THE TASK
Return each line exactly as written. Begin with the first line of the entries and end with the line that has "Building Photo - 13 Yorkshire Dr".

MATERIALS PROVIDED
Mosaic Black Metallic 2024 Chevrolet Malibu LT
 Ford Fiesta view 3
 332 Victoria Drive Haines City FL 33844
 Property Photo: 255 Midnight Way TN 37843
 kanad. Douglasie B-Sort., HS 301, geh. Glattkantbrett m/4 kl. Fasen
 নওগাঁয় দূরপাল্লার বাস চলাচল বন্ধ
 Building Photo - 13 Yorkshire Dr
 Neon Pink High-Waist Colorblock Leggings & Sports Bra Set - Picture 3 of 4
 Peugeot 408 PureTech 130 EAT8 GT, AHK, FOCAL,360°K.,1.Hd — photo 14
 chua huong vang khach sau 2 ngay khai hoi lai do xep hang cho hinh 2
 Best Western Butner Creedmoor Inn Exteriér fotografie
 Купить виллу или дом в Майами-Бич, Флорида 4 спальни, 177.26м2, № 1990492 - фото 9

YOUR SOLUTION
Mosaic Black Metallic 2024 Chevrolet Malibu LT
 Ford Fiesta view 3
 332 Victoria Drive Haines City FL 33844
 Property Photo: 255 Midnight Way TN 37843
 kanad. Douglasie B-Sort., HS 301, geh. Glattkantbrett m/4 kl. Fasen
 নওগাঁয় দূরপাল্লার বাস চলাচল বন্ধ
 Building Photo - 13 Yorkshire Dr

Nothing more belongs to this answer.